No, because if you encrypt your own material you hold the keys. If you let someone else do it, they hold the keys. And who knows how good they are at keeping them safe.
You always know how good you are (or, how bad you are) at keeping your own keys safe.
Keepass(x), gpg encrypted file backup with the gpg keys backed up on a CD in a bank safety deposit box. (and if you're daring, a copy of the key on a usb jump drive you keep on your person at all times)
Don't forget the copy you keep in your head and enter whenever you need to access the safe; you're vulnerable at that point to a key logger. :)
With LastPass, you encrypt your own material, LastPass never holds the keys. LastPass works exactly the same as KeePass: there's a binary blob that is kept on an Internet-accessible server, and you download the blob and decrypt it locally. All they have is an encrypted version of your key, just like in your Linux/Mac/Windows desktop system. Yeah, maybe they could have used different keys for their web site and the blob, but I don't see how that would increase security all that much. With either service, an attacker has to get your blob (by hacking the LastPass server or your computer's cache, or by finding the KeePass blob on your computer or in a Dropbox or similar cloud-based server), then they have to brute force the key. If your key is easy to figure out using a dictionary, then you're hosed no matter which service you use.
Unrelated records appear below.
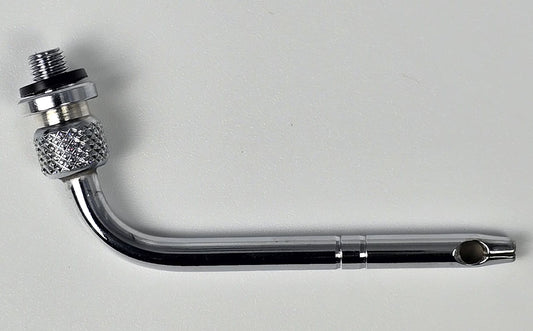 933-T Arterial Tube 2" Curved Threaded Hub Indented Tie-off Slotted Vent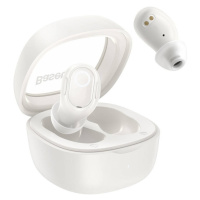 Stereo slúchadlá Bluetooth, v5.3, TWS, nabíjací dok, Baseus Encok WM02, biele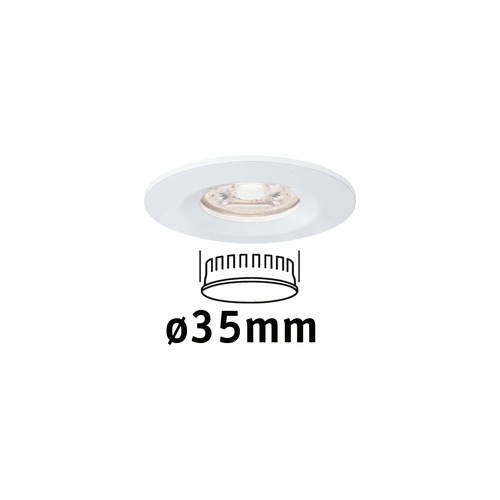 Koupelnová - P 94298 LED vestavné svítidlo Nova mini nevýklopné IP44 1x4W 2.700K bílá mat 230V - PAULMANN - foto 1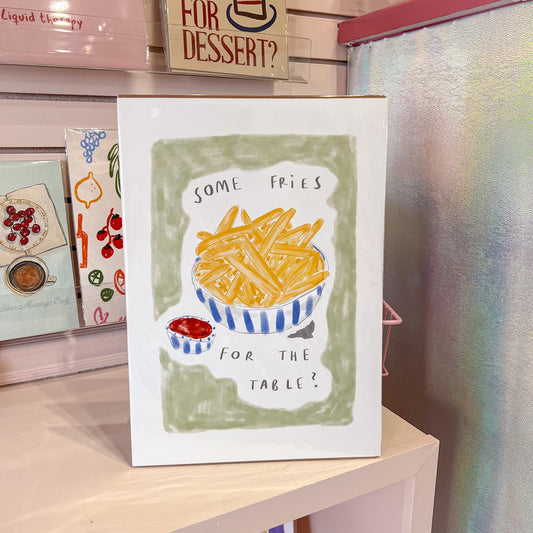 Fries For The Table Wall Art Print
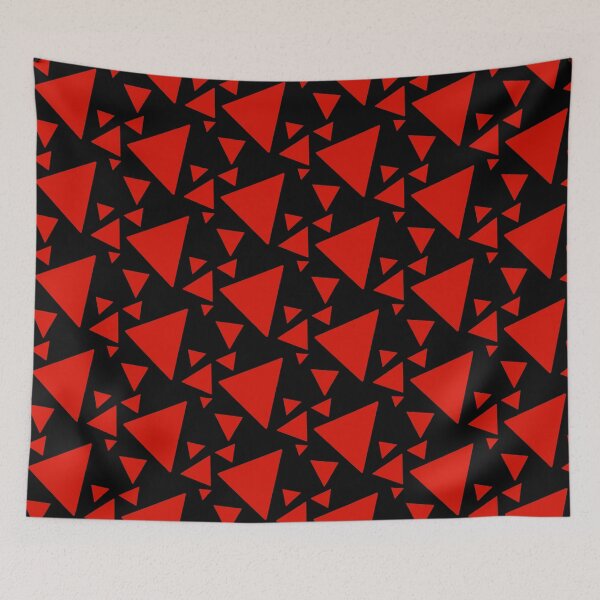 Item preview, Triangle pattern, Red triangle designed and sold by PAINTORS.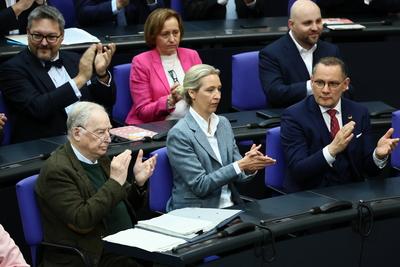 Konstituierende Sitzung im Bundestag - 21. Legislaturperiode-stock-foto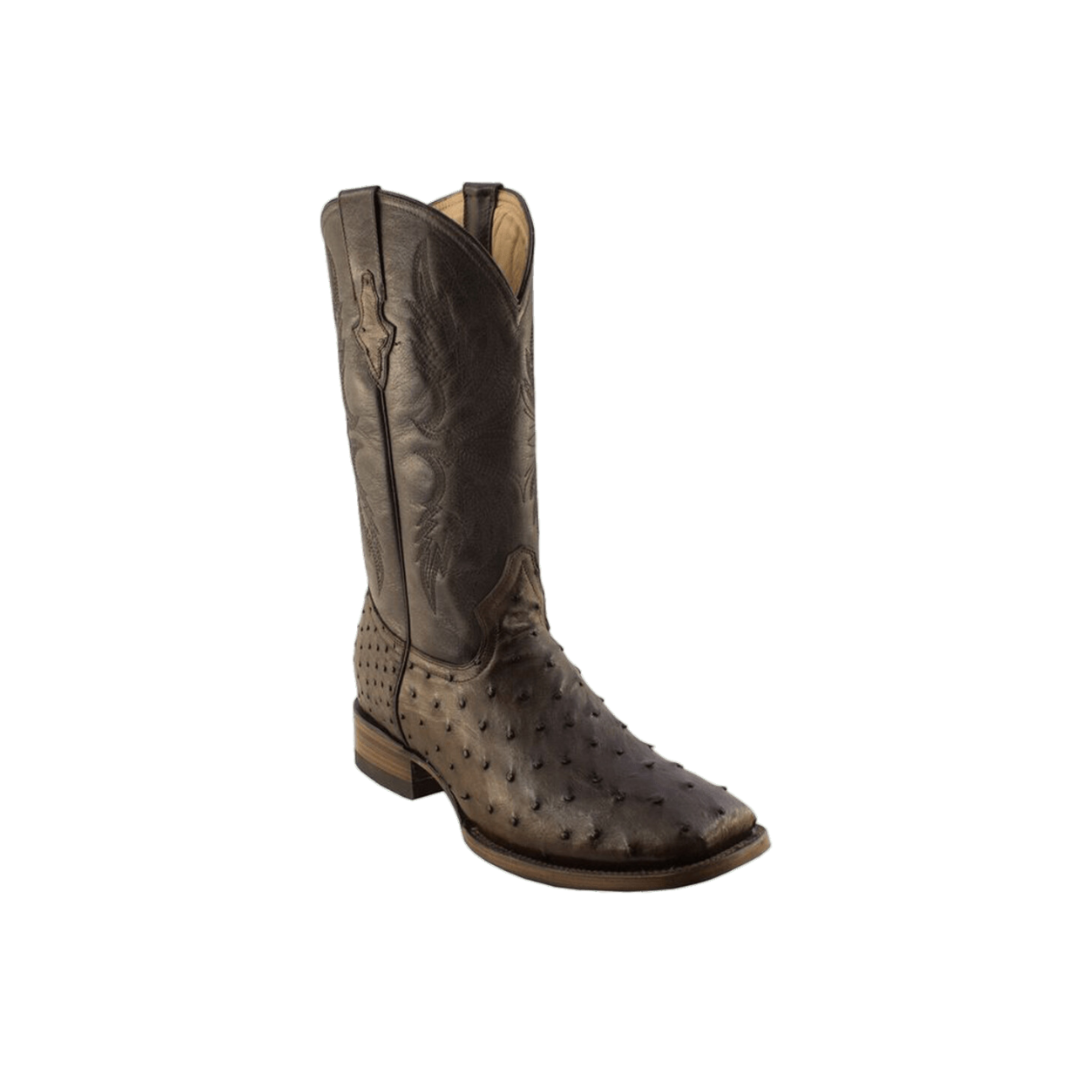 International M Men's Pecos Bill Full Quill Square Toe Brown Boots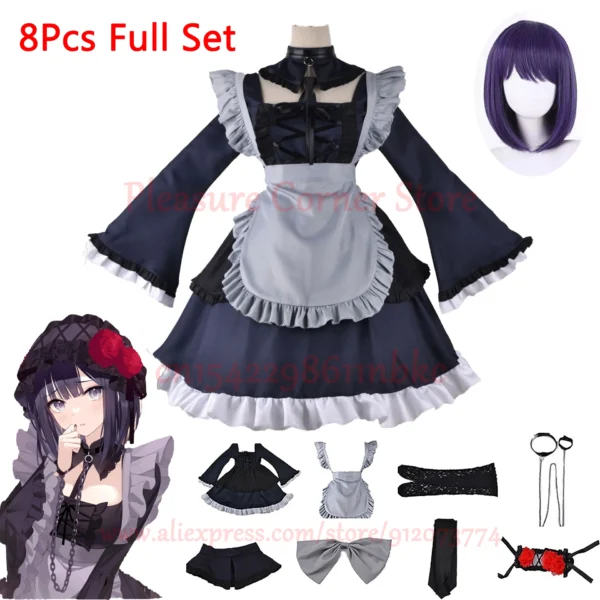 Anime My Dress Up Darling Marin Kitagawa Cosplay Costume Maid Cosplay Dress Halloween Kitagawa Marin Kuroe Shizuku Full Set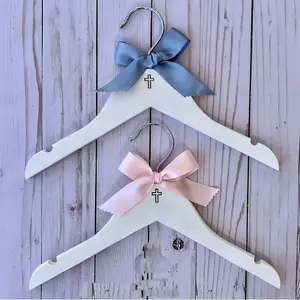 Cross white Hanger Girl Boy Christening Baptism 1st First Holy Communion outfit Dress baby shower hanging decoration favor Keepsake Gift present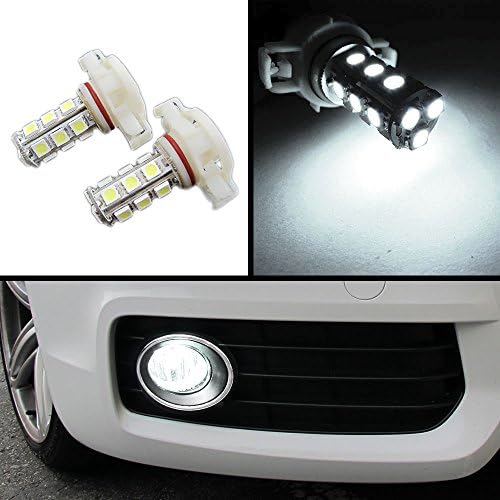 Bosmaa 5202 (H16) Fog Light or DRL Daytime Running Light Lamp Bulb Replacement 18-SMD 5050 Chip LED Bulbs (White)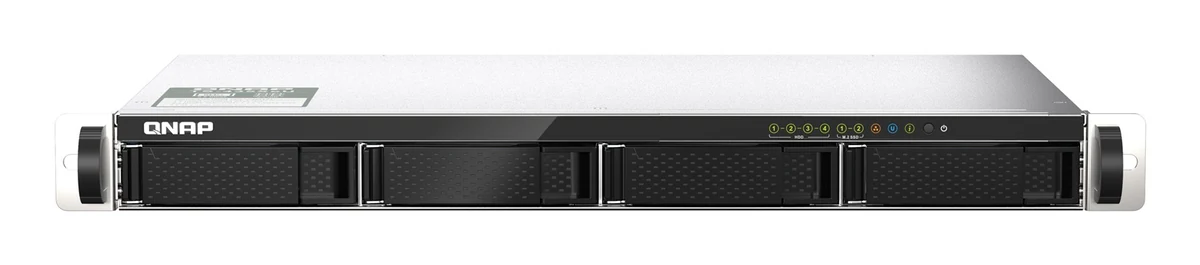 Qnap TS-435XeU-4G, 1U NAS, 4 x SATA, 4GB DDR4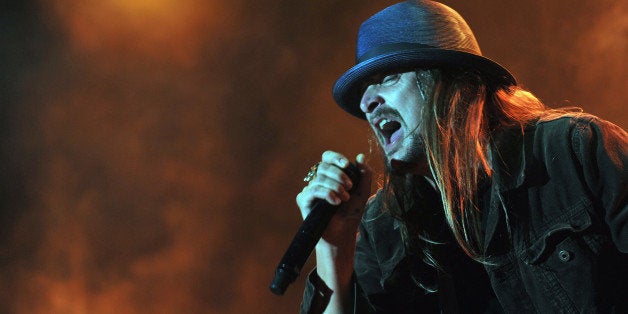 LOUISVILLE, KY - OCTOBER 05: (FOR EDITORIAL USE ONLY) Kid Rock performs during the 2014 Louder Than Life Festival at Champions Park on October 5, 2014 in Louisville, Kentucky. (Photo by Stephen J. Cohen/Getty Images)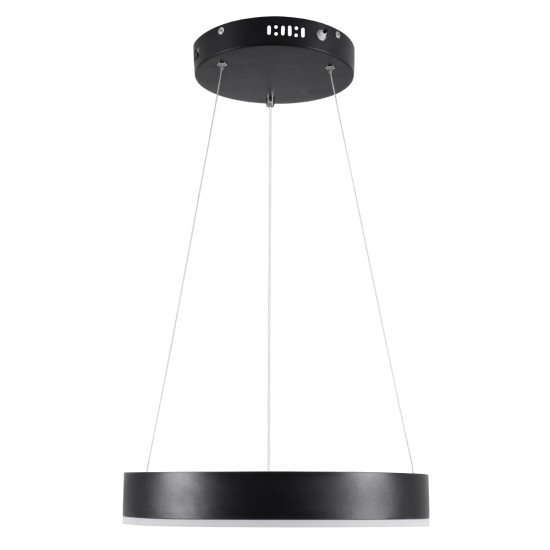 GLOBOSTAR® VENOM 61173 Μοντέρνο Κρεμαστό Φωτιστικό Οροφής LED 30W 3513lm 120° AC 220-240V IP20 Ρυθμιζόμενο Λευκό CCT με Χειριστήριο από 2700K έως 6000K Dimmable - Lumileds SMD Chip - Μαύρο Ματ - Μ40 x Π40 x Υ6.5cm - 3 Χρόνια Εγγύηση GLOBOSTAR® VENOM 61173 Μοντέρνο Κρεμαστό Φωτιστικό Οροφής LED 30W 3513lm 120° AC 220-240V IP20 Ρυθμιζόμενο Λευκό CCT με Χειριστήριο από 2700K έως 6000K Dimmable - Lumileds SMD Chip - Μαύρο Ματ - Μ40 x Π40 x Υ6.5cm - 3 Χρόνια Εγγύηση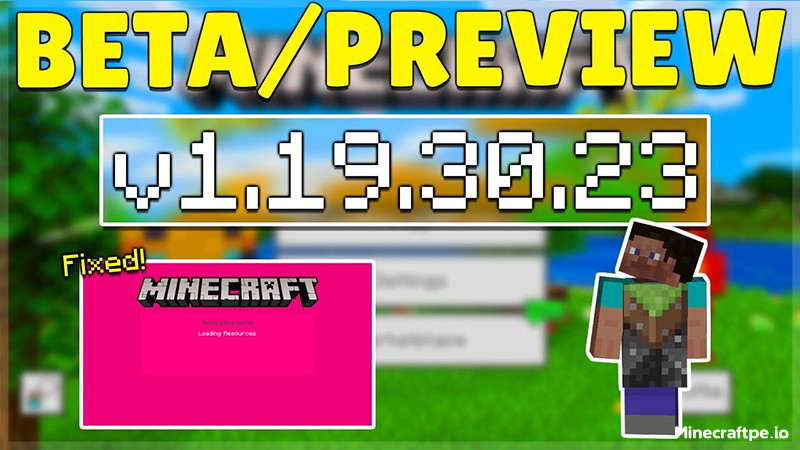 Tải Minecraft BETA 1.19.30.23 APK Tiếng Việt Miễn Phí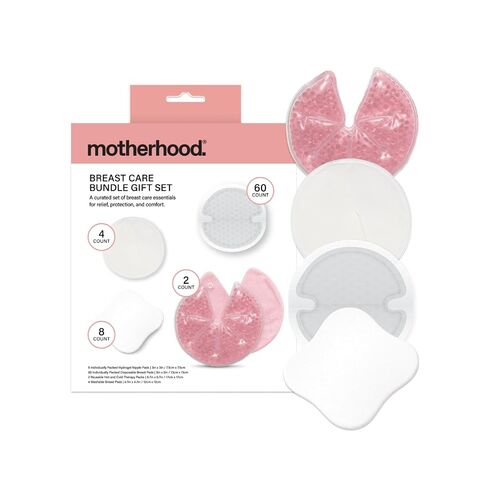 Motherhood Maternity Breastfeeding Essentials Kit – New Mom Gift Set with Nipple Pads, Nursing Pads & Breast Therapy Packs, Postpartum Care Bundle for Pumping & Nursing in Kuwait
This is similar to the Gawker attack, except with Gawker the encrypted passwords were made public, along with the subset that were brute forced. I checked for my email address and it only showed up in the first list, not the second. Of course, my passwords for everywhere use the "at least one letter, number and special character" rule, they are generally fairly long (pre-Gawker, 8 characters, post-Gawker, 14), and I don't use leet-speak to determine the non-alpha characters (leet-speak increases the effort needed to brute-force by only a small factor).